Eight sessions were devoted to teaching about and working with the Web as a large corpus using Google search engine and webascorpus Web Concordancer[3]. During the first and the second sessions, the concept of the Web as a corpus was elaborated on and the important search features of the Google search engine, namely phrase search and wildcard search were introduced. The third session was wholly devoted to discussion about the students’ first experience with the Google Search Engine. During the fourth session, after the students shared their second experience with Google search engine, a questionnaire on using Google search engine was administrated. In the fifth session, after the students were lectured on Web concordancers in general and webascorpus in particular, they were given an English text to translate into Persian using webascorpus. It is necessary to mention that the two search features of webascorpus, namely, simple and advanced search features were elaborated on in detail in the class. At the beginning of the seventh session, the students shared their second experience with webascorpus, following which a questionnaire on using webascorpus was administrated. In the eighth session, the groups were asked to translate two English texts, one using the Web plus dictionaries and glossaries, the other one using just dictionaries and glossaries. This practice was done to investigate whether there would be any differences between two sets of translation produced, one using dictionaries plus the Web and the other one using only dictionaries, in terms of their scores.

In order to compensate for possible differences in groups’ translation abilities and any potential text-specific difficulties, groups 1, 2 and 3 were asked to translate text A using the Internet plus dictionaries and text B using only dictionaries, while groups 4, 5 and 6 were asked to translate text A using only dictionaries and text B using the Internet plus dictionaries. Two external raters were then chosen to do the evaluation of the students’ translations. The raters were asked to mark the translations according to their usual methods of marking the students’ translations. The mean score for each translation was then calculated by adding the scores from each rater and dividing it by two.
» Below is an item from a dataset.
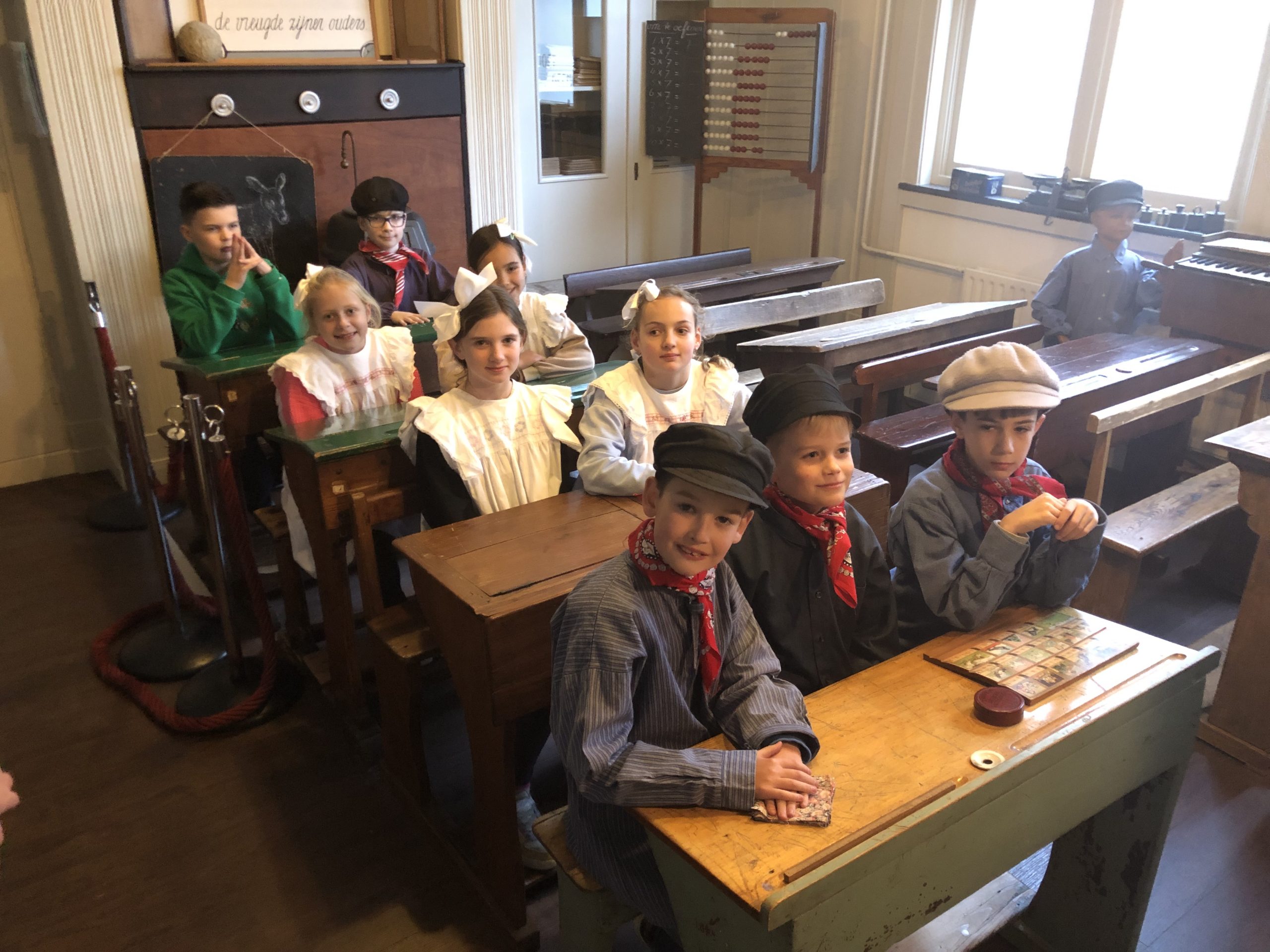 Oud klaslokaal met schoolbankjes. in Museum Schooltijd Terneuzen. Negen kinderen in historische kleding bezig met een schrijfopdracht op een leitje. Op de achtergrond is onder andere een telraam en loden gewichtjes te zien.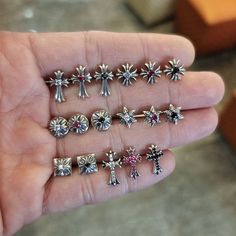 a person holding five different types of cross studs in their hand, each with an individual's name on it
After the mean scores for all Internet-based and dictionary-based translations were calculated, the mean scores of translations in the two groups were compared and the T test was calculated to see whether the difference between the mean scores of the Internet-based translations and the dictionary-based translations was significant or not.

5. Findings and discussion

Findings on Google Search Engine

The subjects’ overall reaction to Google search engine can be described as positive with most students showing interest in learning about Google search engine to extract translationally-relevant data from the Web.
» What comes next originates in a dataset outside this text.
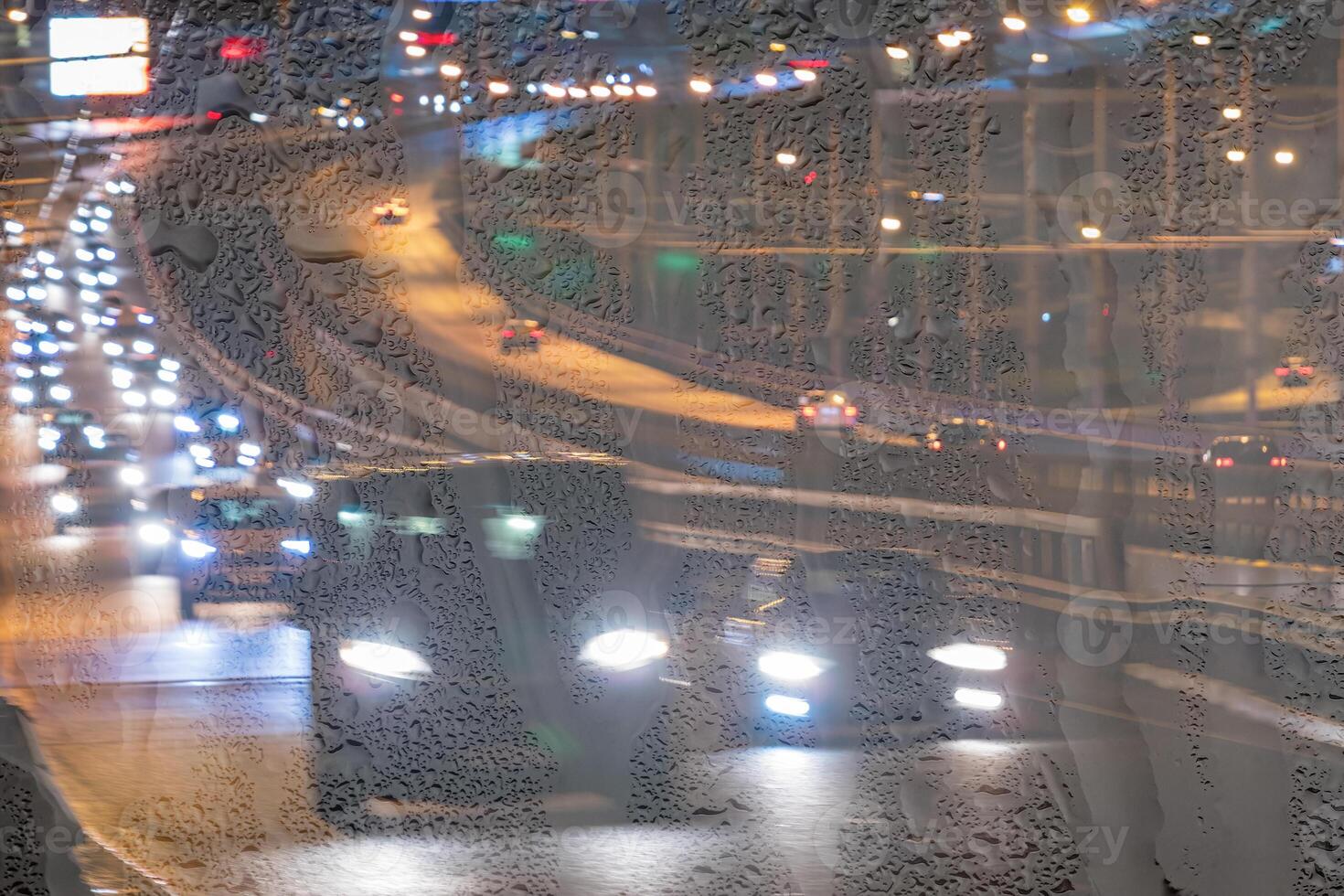 Blurry moving cars with headlights and lanterns reflecting on the wet asphalt in the night city behind rain-covered window. photo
Based on the findings from our questionnaire, the majority of the subjects indicated that they liked using Google search engine to extract translationally-relevant data. Nineteen students further stated that they would like to continue using search engines for translation purposes. Five students further indicated that consulting relevant Persian texts found using Google search engine gave them more confidence in producing their translations. In addition, more than 90% of the subjects responded positively to the statement indicating that Google search engine must be used along with the resources translators normally use. Furthermore, 85% of the subjects responded positively to the statement on the usefulness of the Google search engine to extract translationally-relevant data.
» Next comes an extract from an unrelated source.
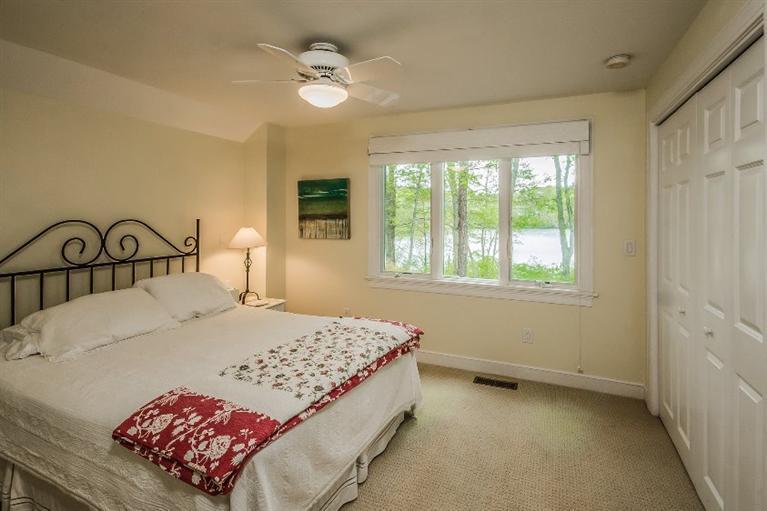 70 Fells Pond Road Mashpee, MA 02649 - Photo 22 of 34 a bedroom with a bed and a window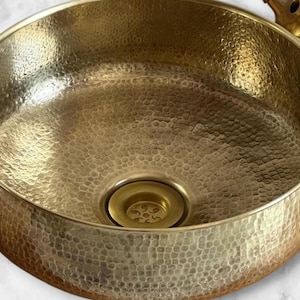 Puede incluir: Un lavabo redondo de latón martillado con una superficie texturizada. El lavabo tiene un desagüe central y un grifo de latón a juego. El diseño es vintage y decorativo, adecuado para un baño o cocina. El diámetro es de unos 30 cm.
The most common use of the Google search engine for the students, as observed by the teacher and noted by the students, was combining the data on the number of Google search hits with the contextual data from the online documents to make a decision on choosing one equivalence over another. Following this method, the groups based their decision on the number of search hits found by Google and then examined the contexts in which the terms/phrases in question were used to make sure that they were used in the contexts similar to what they had in the respective source texts.

For instance, two groups opted to use"پیمان منع گسترش سلاح های هسته ای" for the English phrase The treaty on the Non-Proliferation of Nuclear Weapons in their translations as opposed to another possible translation, namely معاهده منع گسترش سلاح های اتمی". As the students explained, Google found more hits for "پیمان منع گسترش سلاح های هسته ای"compared to the other possible translation, i.e. "معاهده منع گسترش سلاح های اتمی". The students further noted that the register and the style of the texts in which "سلاح های هسته ای پیمان منع گسترش" was used were closer to the register and style of the source text in question.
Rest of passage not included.